Investors are worried about a slowdown in growth at speciality pharmaceutical and services group Clinigen (CLIN:AIM), down 18.3% to 522.5p. Before today's half-year results, the shares had rallied 300% since floating on Aim in September 2012 at 164p, so the cautious outlook has triggered mass profit taking in the stock.
The running Shares Play of the Week hints that sales of its antiviral treatment Foscavir are levelling out. It also reports the 146% profit rise in its consultancy and management business global access programs (GAP) is due to its enzalutamide program which is now winding down.
Yet Clinigen expects to add a new product to its speciality pharmaceuticals division in 2014 to grow sales in the coming years.
The group’s £10.9 million pre-tax profit in the six months to January was 12% higher than recorded in the same period last year. The dividend has been raised by 66% to 1p a share.
At the end of December 2013 it had £16.8 million cash, which, along with a £20 million borrowing facility (it is currently debt free), gives it a war chest on an acquisition pipeline that chief executive officer Peter George says has never been as strong.
Clinigen also aims to improve margins in the GAP business, which stands at 16%, by winning new clients and growing its existing programs.

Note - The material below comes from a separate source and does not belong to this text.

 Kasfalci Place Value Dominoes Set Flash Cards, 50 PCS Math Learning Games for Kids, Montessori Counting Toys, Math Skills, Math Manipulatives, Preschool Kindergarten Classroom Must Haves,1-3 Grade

The profit generate by supplying drugs to clinical trial improved 12.4% to £6.5 million, while those in its speciality pharmaceuticals business grew by 4.3% to £10.6 million.
Numis analyst Charles Weston believes that profit growth in the second half will be similar to those achieved in the first six months of the year and that its success in the M&A market could drive upgrades at the company.
Investec downgrades from 'hold' to 'sell', saying the current valuation offers 'little margin for error'. Yet it is worth noting that the shares have already fallen below Investec's 560p price target. The broker also says the investment case remains sound for long-term investors.